オリジナルの工程になるのであまりお話できないのですが、他のワイン用のブドウと同じくらいの水準である80%に上げる方法を、委託先のワイナリーさんと作ってきました。
その過程を経て出来上がったのがシャインマスカットのオレンジワインで、最初からこうなるというのを見据えてはいたのですが、その過程は探り探り、いろいろな方に助けていただきながらできた、本当に思い入れのあるものとなっております。
- 大場
- ご縁と研究と努力が重なって出来上がったのですね。

スピード感と、こだわりの想いとのジレンマも
- 小澤
- いろいろな方にすでに尋ねられていると思いますが、中国が恐ろしいほど広大な面積でシャインマスカットを作っていますし、先になにかの特許を取られるということもあると思います。
また海外で安価な類似品が出るということもあるかもしれないですが、考えていること、対策などを含め、今の率直な見解をお聞かせいただけますか?
- 青山
- 中国のシャインマスカットに関しては、正直そこまで今のところは脅威には感じていないです。
1つが日本ブランドであること。
コピーブランドってデメリットの部分があるのかなと思っていて。
ブランド価値っていう意味では、日本のシャインマスカットを扱っているっていうのはすごい強みだなと思っております。
これからシャインマスカットのオレンジワインが仮に中国から発売される恐れも確かにあるなと思っている中で、単にそのブランド価値で差をつけるだけではなくて、本当にスピード感を持ってそのシャインマスカットのオレンジワインという世界市場を先に取ってしまうことが要になるのかなと思っています。
そこに関してはスピード感を持ってやっていきたいなと思っております。
- 大場
- そのスピード感をと言った時に、自社ワイナリーでやるのか、委託で作っていただくのかなど、 いろいろなやり方あると思うのですが、なぜ自社ワイナリーでやろうと決めているのでしょうか。
- 青山
- 全部を自社ワイナリーでやろうと思っているのは、経営がどうこうとかではなくて、シンプルに一番最初の私の想いである、自分の育てたブドウで、自分で造ったワインを、自分で提供したいというワガママが根本にあります。

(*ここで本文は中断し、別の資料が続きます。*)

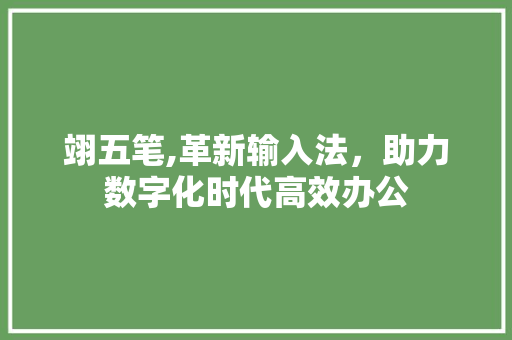 翊五笔,革新输入法，助力数字化时代高效办公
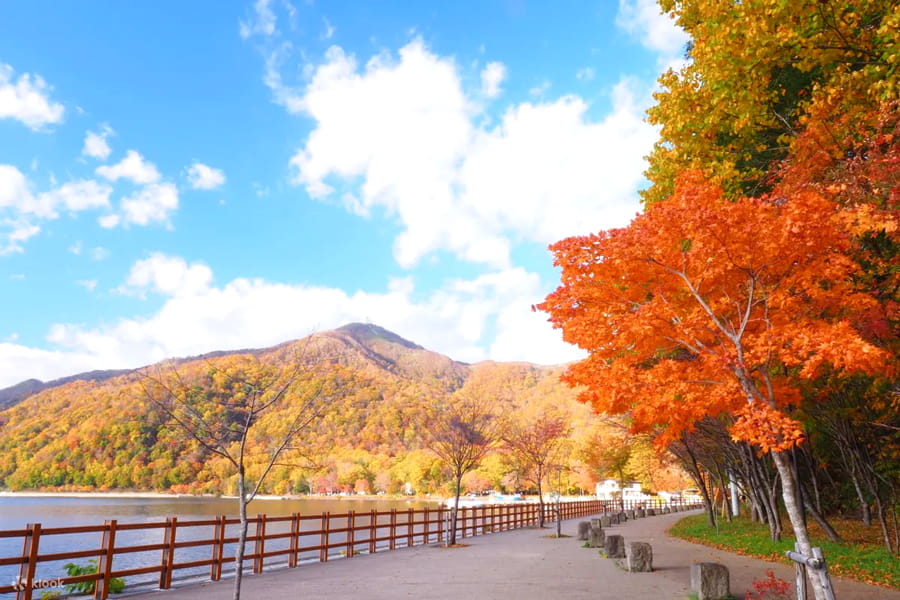 Hồ Toya (Toya Lake) - Vẻ đẹp của "Đệ nhất hồ" tại Hokkaido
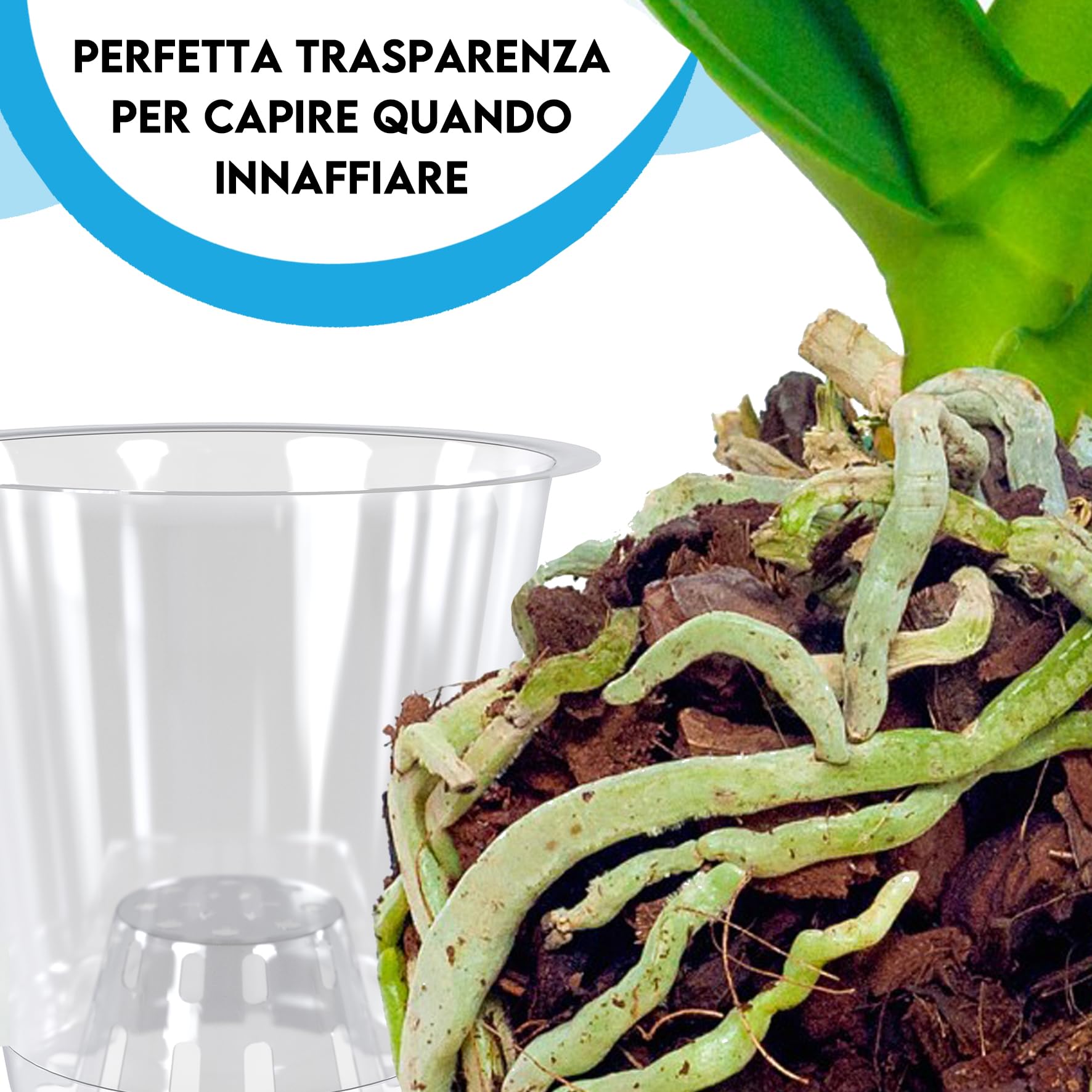 I 4 Migliori Vasi Trasparenti per Orchidee nel 2026
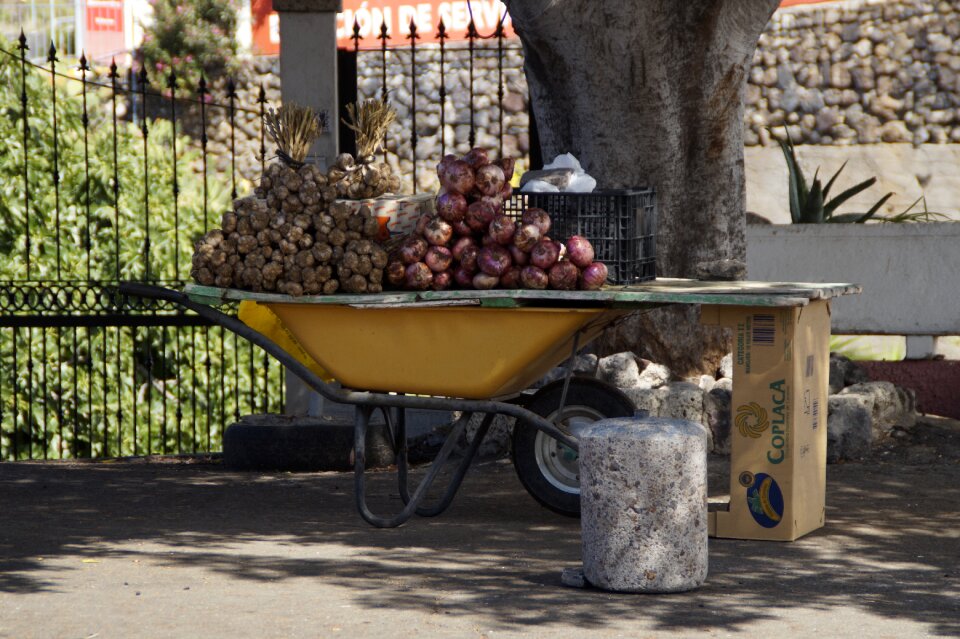 Street vending south onions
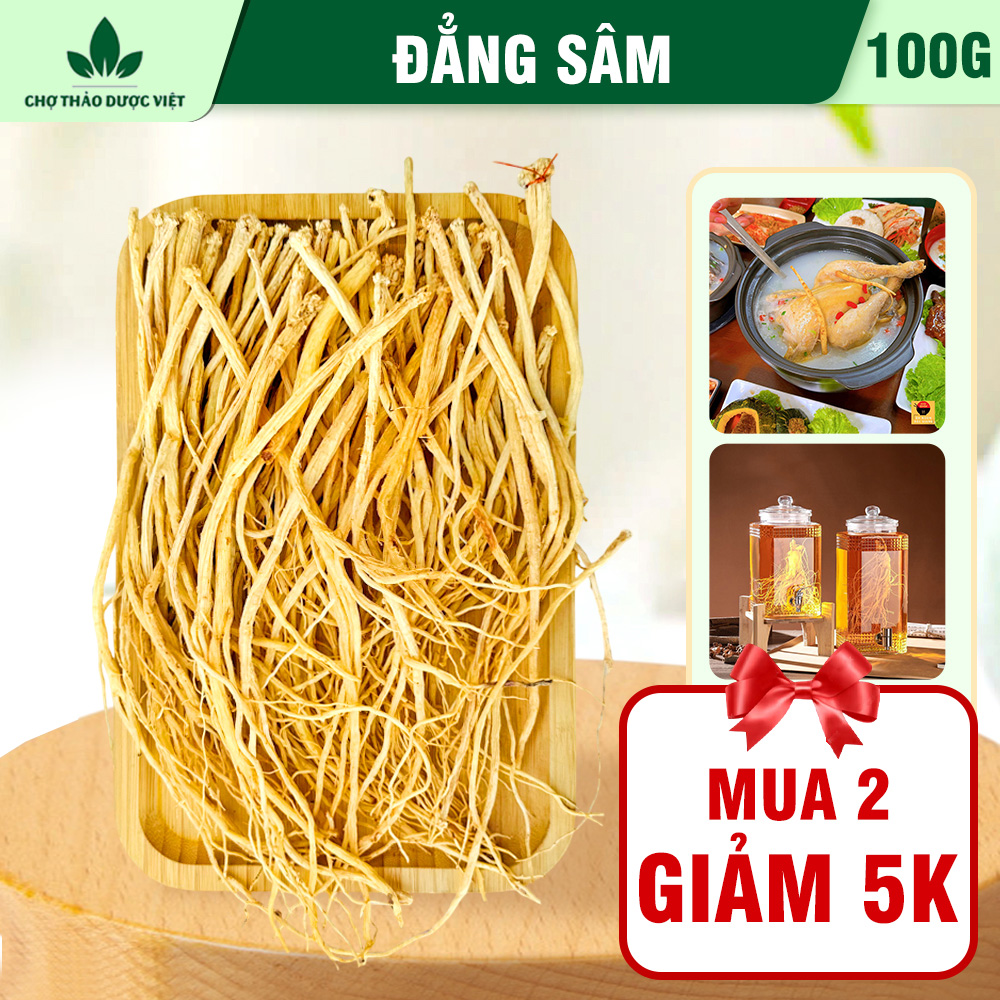 Đẳng sâm khô 100g, đảng sâm sợi to, vàng, hỗ trợ tốt cho sức khỏe - Chợ Thảo Dược Việt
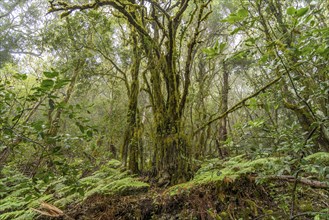 El Cedro laurel forest in Garajonay National Park, UNESCO World Heritage Site on the island of La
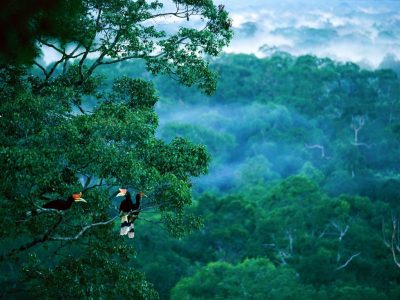 Hutan Kalimantan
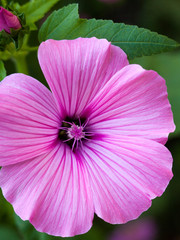 Pink lavatera (mallow) flower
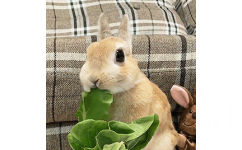 小兔子吃青菜 - 吃东西的小兔兔，我可以看一天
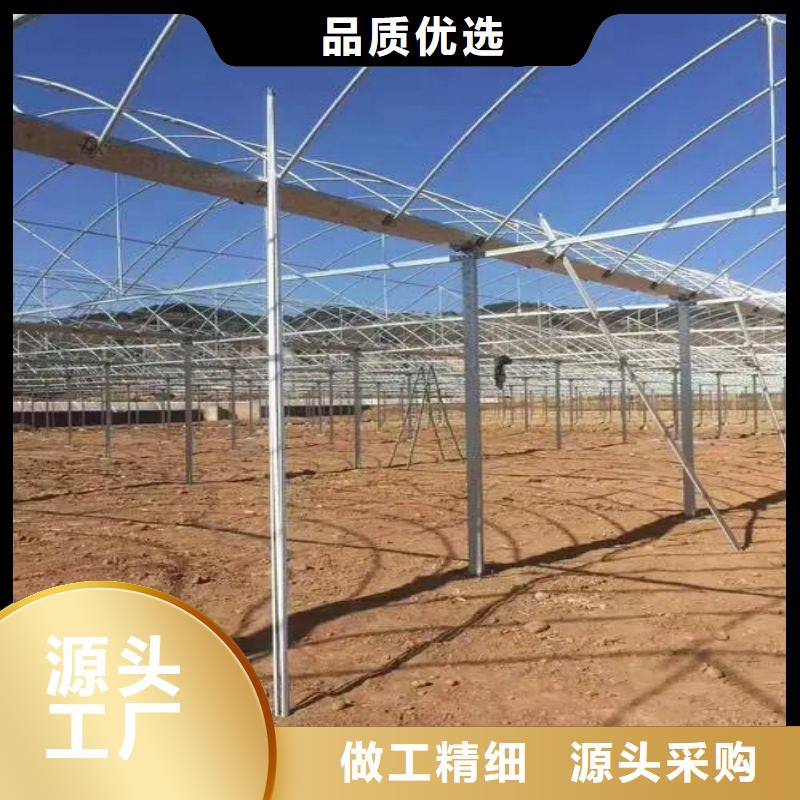 【大棚管2大棚管支持定制】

もしかしたらおっしゃっていただいた通り、自分でワイナリーを建てるよりも、他のワイン工場の設備を借りて作るというのを続けた方が、リスクも低くて、もしかしたらお金回りもいいかもしれないんですが。
理屈じゃなくて感情で、この全部自分で関与したものを最後まで届けたいという想いがあるから、そうしたいっていうだけですね。
でもスピード感を持ってやるためにも、まだ自分のワイナリーができるまでには、どうしてもどれだけ急いでもまだ時間がかかるので、来年再来年とかは、他のワイナリーさんに自社のシャインマスカットを持ち込んででも作ることが、もしかしたらもっとスピード感を持って先に世界市場に食い込めるかもしれないので、そこは考えていきたいなと思っています。
でもどうしても…自分の作ったブドウだったとしても、やはり他のワイナリーさんに造ってもらったワインだと、なんか自信を持って言えないんですよね。
- 大場
- パッションは大切ですもんね。
いろいろなタイミングとか出会いとかある中で、ぜひそういうタイミングをご自身できっちり見極めてやっていかれるんだろうなと思うので、応援しています。

ワイナリー建設予定地は、ノーベル賞受賞者、大村智博士ゆかりの土地
- 大場
- ご縁といえば、ワイナリーの場所選定が、とてもユニークだと伺いました。
- 青山
- ワイナリーの場所は、ユニークというか、買いたくても買えない場所です。
韮崎は、ノーベル賞を受賞した大村智博士の生まれた街、今もお住いのある街ですが、大村智さんのご自宅の正面の土地を購入させていただくことができました。
温泉や美術館のある大村財団…大村さんが私財を投じて、街を活性化されている大村記念公園内のところを買わせていただきました。
周りも和風テイストというか、大人の遊園地のような異空間で、私自身がワインをこれから造っていく、ワイナリーを建てていく、そんな具体的なイメージがここなら描けました。
まだ建設はできてないのですが、2年後を目指して計画しています。
- 小澤
- すごいことですね、大村記念公園の土地を買うなんて!
どうやってその土地にリーチしたのでしょうか。
なぜあの財団の土地を購入することができたんですか?
- 青山
- 1つが冒頭に申し上げた件で、移住してすぐにはブドウの畑が全然見つからなくて、農業されている農家さんとかに個別でアタックしていたんですけど、これじゃ本当に見つからずに月日が過ぎてしまうんじゃないかなと思っていました。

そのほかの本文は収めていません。